Any party leadership race provides a chance to explain again (often to bewildered overseas media) that Britain has a parliamentary system. Voters choose their local MPs, and the leader of the party with enough MPs to form a government — or a coalition — is the prime minister. The party can change its leader without a general election — very different from a presidential system, where the president is directly elected by voters, as in the US.

Sometimes this also needs explaining to politicians themselves. Johnson seemed to imply that the UK had a presidential system before he resigned as Conservative party leader on July 7, in his desire to appeal directly to the 14mn voters who had given the Conservatives their majority in 2019.

In an age where people vote for everything or rate it online, from Love Island winners to Uber drivers, you can feel public incomprehension growing at the lack of a say in the country’s next leader. The televised debates seem to invite everyone to have a view but the system gives no space to this impulse. The result is that there is a great deal of pressure — although not always a great deal of understanding — brought to bear on the different ways the main parties pick their leaders.

For Conservatives, MPs whittle down contenders to the last two — the process currently under way. Then party members vote. These are very different audiences, leaving candidates lurching around in their promises, hoping that somehow the rest of the country doesn’t hear what they are saying.
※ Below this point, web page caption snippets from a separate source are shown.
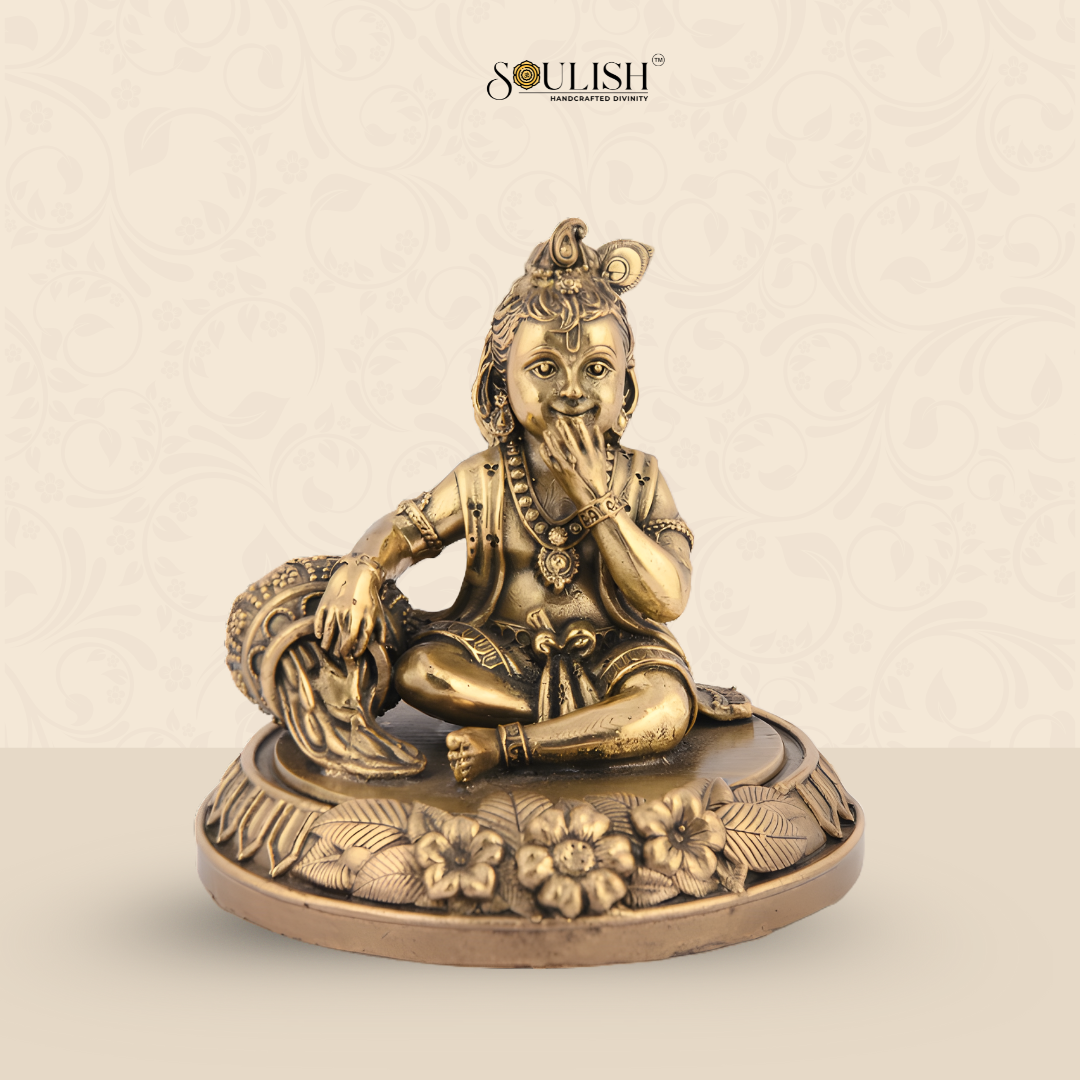 Brass Laddu Gopal Bal Krishna Idol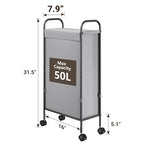 ELYKEN Slim Laundry Hamper with Lid, 50L Small Rolling Laundry Basket on Wheels, 7.9” Narrow Dirty Cloth Cart with Removable Inner Bag for Small Bathroom, Bedroom, Grey - style: Grey-50L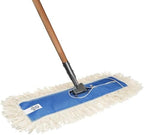 Nine Forty 48" Premium Cotton Dust Mop Kit - Heavy Duty Mop Head with Wood Handle for Industrial, Commercial, and Residential Cleaning - Dry Floor Duster for Hardwood Surfaces - White by NineForty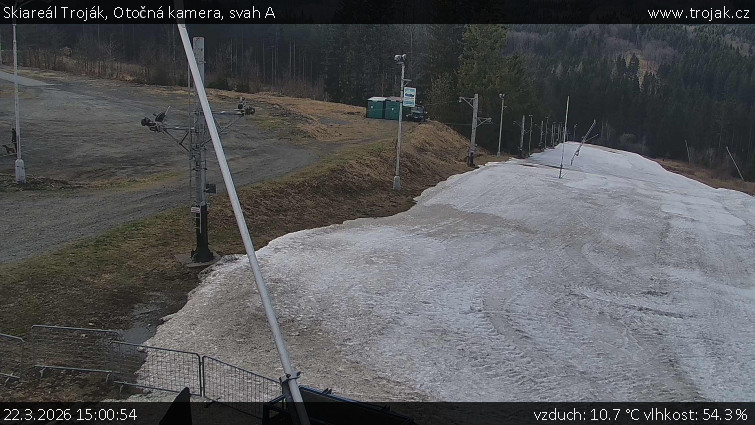 Skiareál Troják - Otočná kamera, svah A - 22.3.2026 v 15:00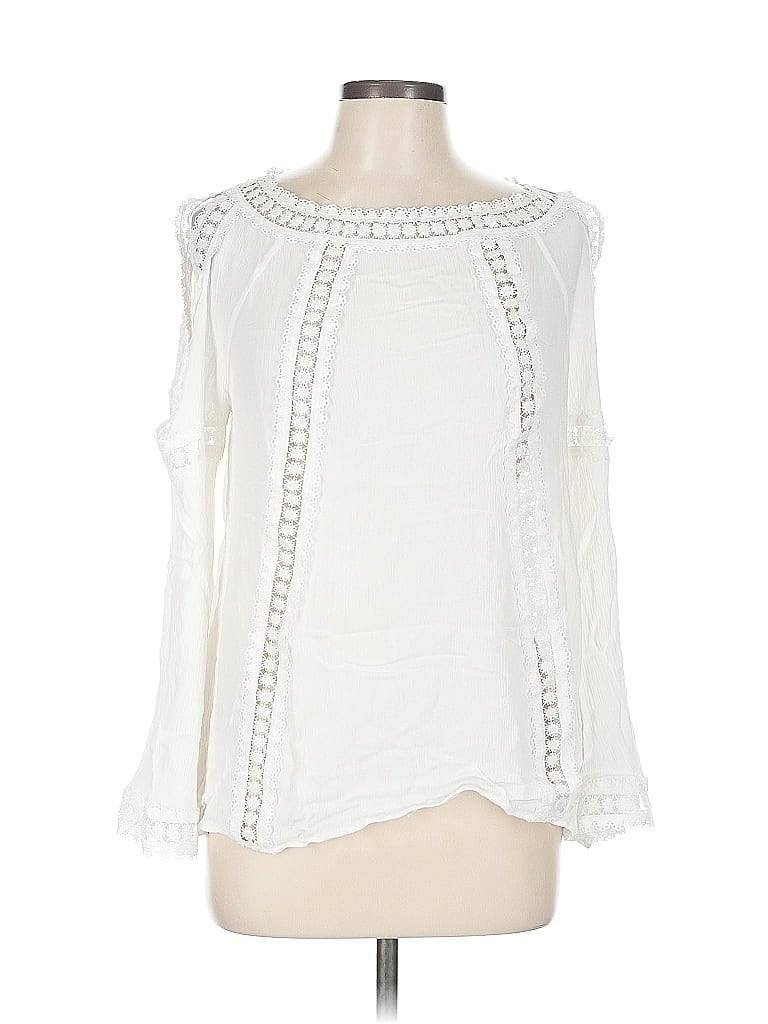 English Factory 100% Rayon White 3/4 Sleeve Blouse Size L - photo 1
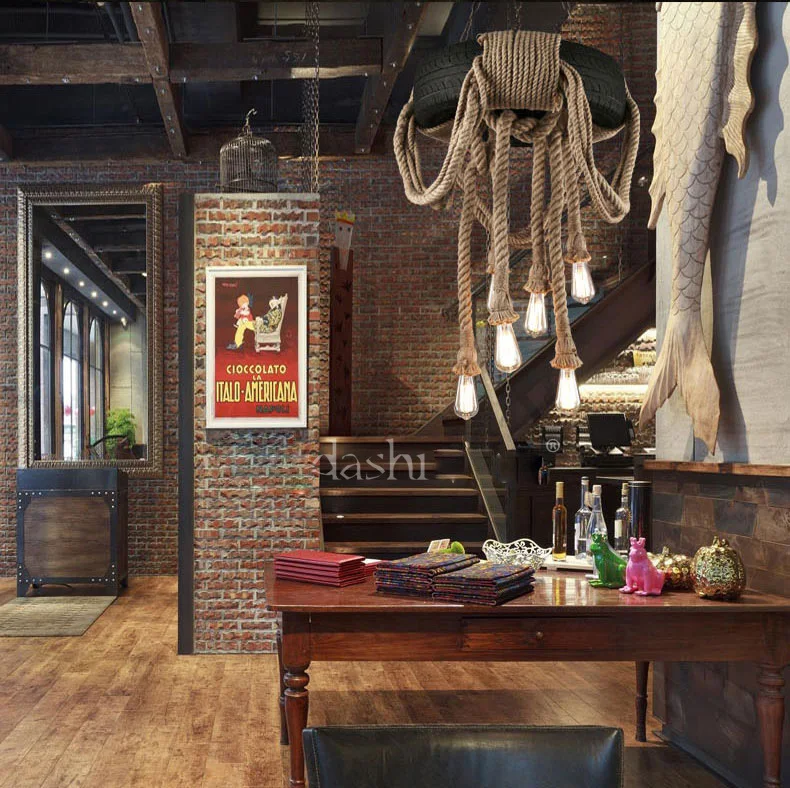 Винтажная американская кантри пеньковая веревка подвеска в форме шины подвесные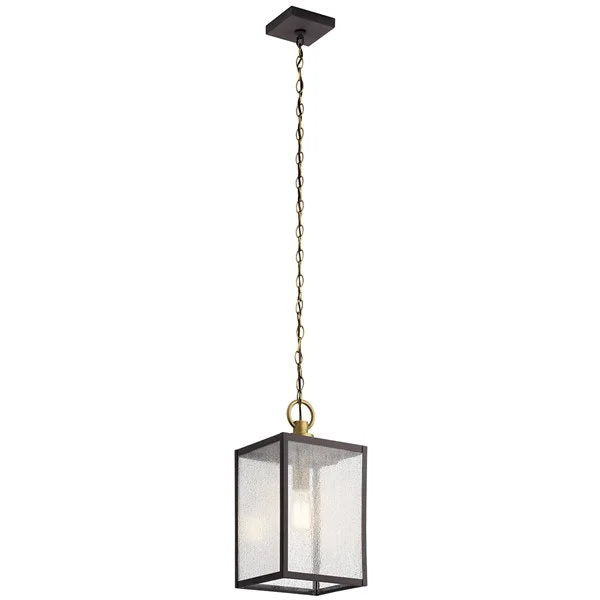 Kichler - 59008WZC - Lahden™ 17.25" 1 Light Outdoor Convertible Pendant/Semi Flush with Clear Seeded Glass Weathered Zinc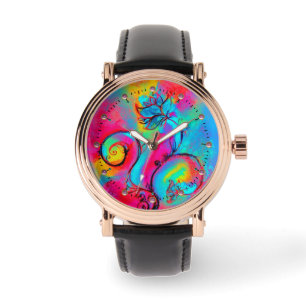 WEISSKALISCHE BLUME aquamarin-blau-rosa-gelb Armbanduhr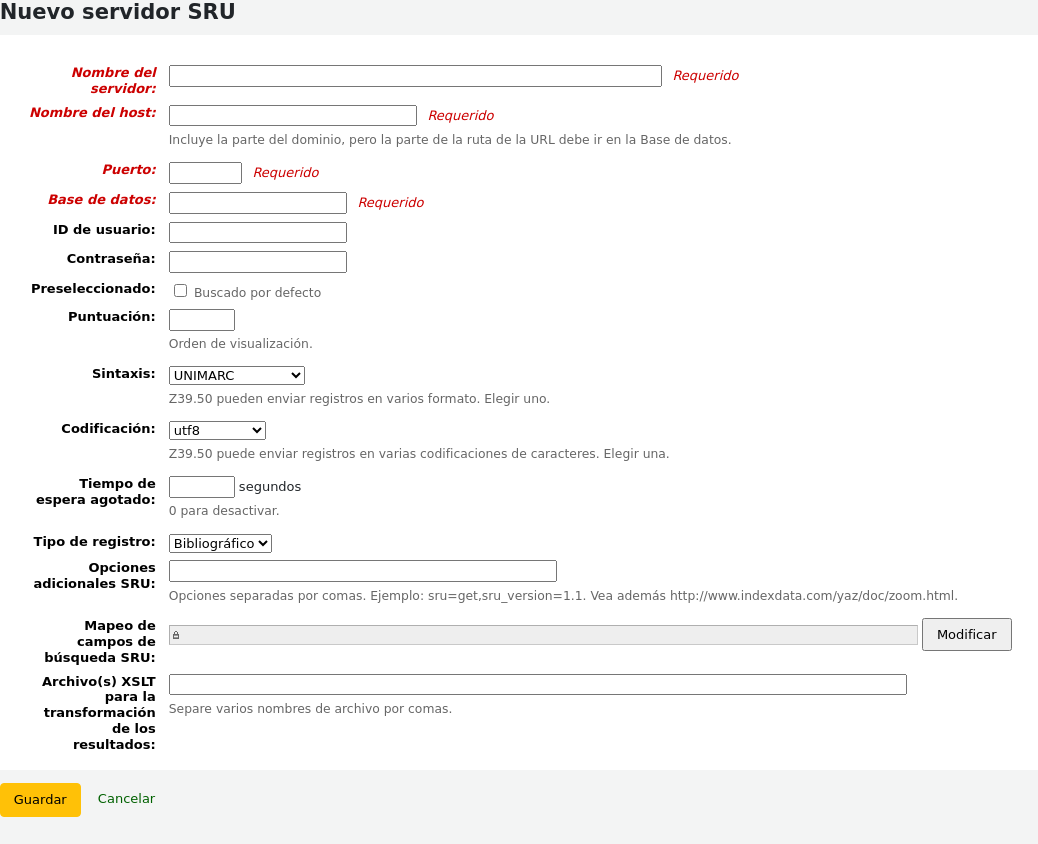 New SRU server form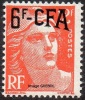 Réunion N° 299.A ** Marianne De Gandon Surchargé CFA 6frs/12 Rouge - Unused Stamps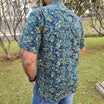 Peacock Blue Dabu Print Unisex Cotton Shirt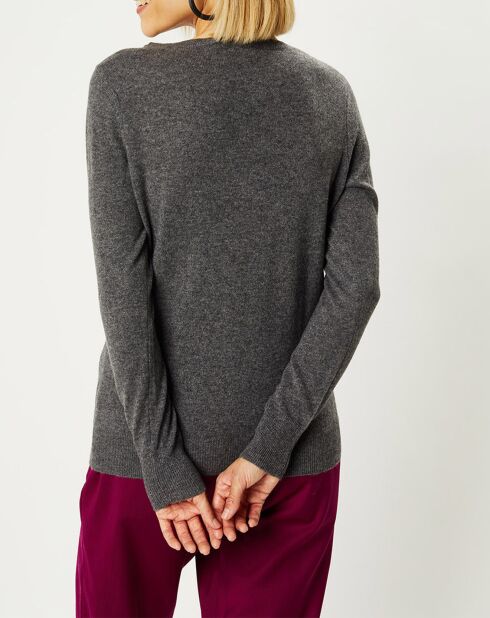 Pull 100% Cachemire Nocon col V gris foncé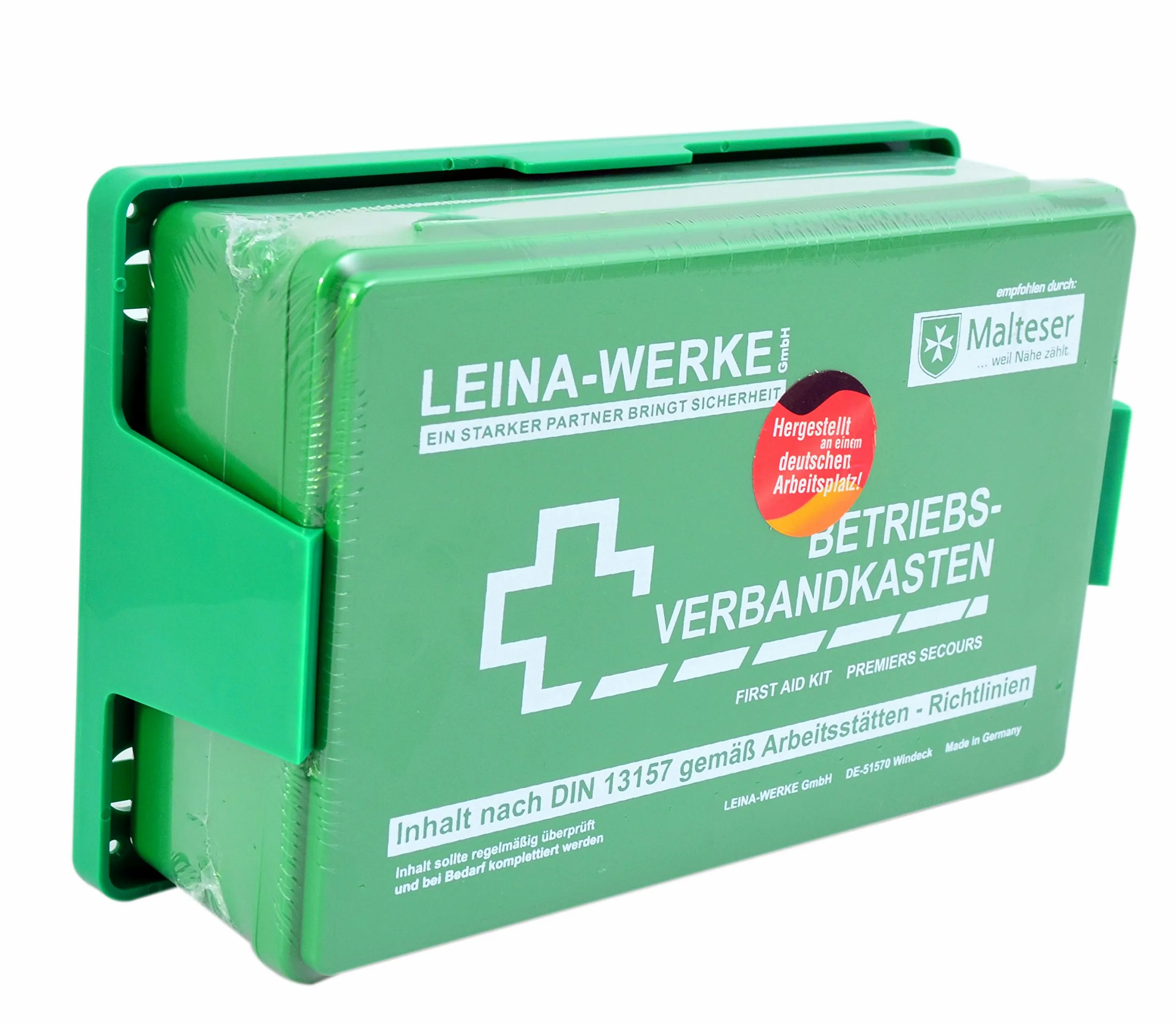 Maleta de primeros auxilios DIN13157 verde con soporte, fabricado en Alemania, recomendado por Malteser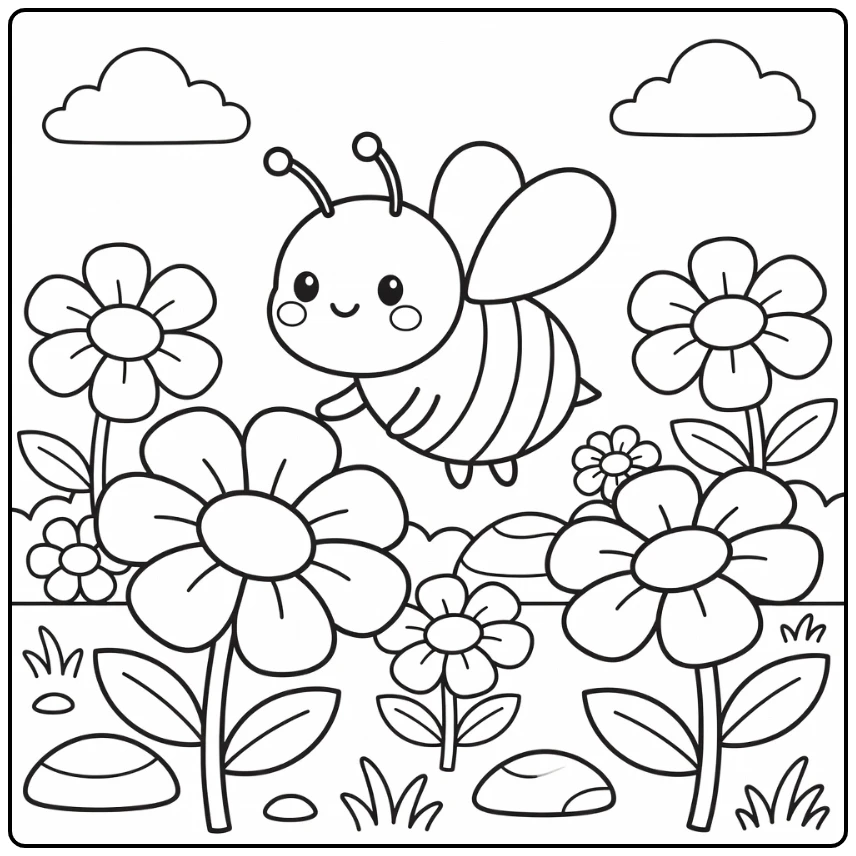preschool bee coloring page with round bee flying over flowers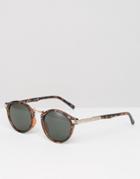 Asos Vintage Round Sunglasses In Tort And Rose Gold - Brown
The audible disquiet is around the second stage. There are currently fewer than 200,000 Conservative party members and compared with the population as a whole, they are older, whiter and living in the south. The cry goes up: why should such a tiny band of unrepresentative people pick the next prime minister? There is inevitably pressure on the prime minister chosen in this way to establish legitimacy quickly through calling a general election, as Johnson did in 2019.

It is only comparatively recently that Conservative party members have had such a big say. Before 1965 its leaders simply “emerged” after discussion among MPs. After 1965, they were elected by MPs. Reforms in 1998 by William Hague, then leader, in response to the 1997 election defeat gave party members the final decision.

Labor has experimented for decades with different ways of picking its leaders, giving votes to MPs, trade unions, members and others. Its 2015 rule change giving votes to affiliated and registered supporters as well as full members triggered an influx which helped install Jeremy Corbyn as leader.

But because party rules do not give Labor MPs the power to remove their leader by a vote of no confidence as their Conservative counterparts can (Corbyn simply refused to go in 2016 after such a vote), they cannot achieve the defenestration of a sitting prime minister in quite the same way as has happened with Johnson.

The motive in both parties for giving members a voice is clear — it seems more democratic. But there are never going to be enough of them to give a sense of real legitimacy. Because they are self-selecting activists or at least committed enough to politics to choose to pay for a party membership, they will never resemble the electorate overall.

Provided that the UK maintains a parliamentary system based on parties, it might be better to give MPs the decisive say. They are at least elected by the whole country. It would provide a more defensible process than the one now under way. Meanwhile we will have to watch for another six weeks, knowing that the candidates are playing on a national stage to a tiny gallery.